Washington Editor

Essential Therapeutics Inc. on Friday said it will strengthen its clinical and preclinical pipeline through the acquisition of Maret Pharmaceuticals Inc. in a deal valued at up to about $6.8 million.

Essential, formed six months ago through the merger of Microcide Pharmaceuticals Inc. and The Althexis Company Inc., will purchase Maret in a stock-for-stock exchange in which Essential will issue up to 2 million shares of common stock that were worth $3.41 each at market close Thursday. The newly issued shares are subject to lock-up for at least 12 months following the close.

Mark Skaletsky, chairman and CEO of Waltham, Mass.-based Essential Therapeutics, told BioWorld Today that the acquisition is expected to be completed in about 30 days. Essential has about 38 million outstanding shares (including 20 million in preferred shares issued when the company was formed), thus upon completion of this deal, Maret will own between 6 percent and 7 percent of the company.

Essential’s stock (NASDAQ:ETRX) closed Friday at $3.50, up 9 cents. Privately held Maret Pharmaceuticals, located in Newport Beach, Calif., was founded in 1994.

Of the acquisition, Skaletsky said, “We are extremely excited about this opportunity and we’ll be diligent about pursuing it aggressively.”

Maret is a development-stage company with clinical and preclinical programs in hematology, oncology and the prevention of serious infectious diseases. The company’s lead product which will become Essential’s lead candidate is MARstem, a peptide analogue of the human hormone angiotensin. It is being studied in both end-stage renal disease and breast cancer.

Skaletsky said MARstem is a small-molecule product designed to restore blood cell counts following chemotherapy or bone marrow transplantation. Use of MARstem could prevent thrombocytopenia, anemia and infection in patients following chemotherapy or bone marrow transplant, he said.

In November 2000, Maret said MARstem exhibited an excellent safety profile in a Phase I/II trial in breast cancer patients. According to the company, the compound reduced the frequency of grades 2-4 thrombocytopenia, grades 2-4 anemia and grades 3-4 lymphopenia.

MARstem is expected to be in a formal Phase II trial in breast cancer patients this year, Skaletsky said.

Meanwhile, the Phase I/II end-stage renal study, which began in June 2000, is ongoing.

Maret’s team of seven employees will join Essential’s staff of 135 located in both Waltham and Mountain View, Calif.

“The combination of Essential’s core competencies in lead optimization and preclinical development with Maret’s development candidates and clinical expertise creates a powerful combined entity with a strong product pipeline,” Leonard Borrmann, Maret’s president and CEO, said in a prepared statement. “We look forward to joining with Essential to provide products to improve human health in important therapeutic categories.”

When Essential was formed in July 2001, the founders had two goals in mind. “We wanted to move our internal programs forward, and those programs for the most part are at an earlier stage,” Skaletsky said. “The other thing we thought was very important was to get in the development stage faster than our own programs would allow, so we looked at in-licensing, and it wasn’t just in-licensing anything.

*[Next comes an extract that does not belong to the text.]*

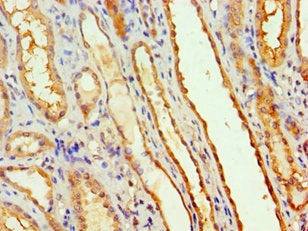 Immunohistochemistry of paraffin-embedded human kidney tissue using CSB-PA847682ESR1HU at dilution of 1:100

We’re looking at programs and projects that are in a similar focus area to where we are developing our other projects.”

Besides the MARstem project, Essential is working with Johnson & Johnson to develop injectable and oral cephalosporin, and the company is developing efflux pump inhibitors.

Skaletsky formerly was CEO of Waltham-based GelTex Pharmaceuticals Inc., acquired by Genzyme General, of Cambridge, Mass., in September 2000 for more than $1 billion. (See BioWorld Today, Sept. 12, 2000.)

Essential, a research and development organization, has a broad-based platform, including the proprietary VALID Microbial Genomics technologies and its target validation system, known as ACTT.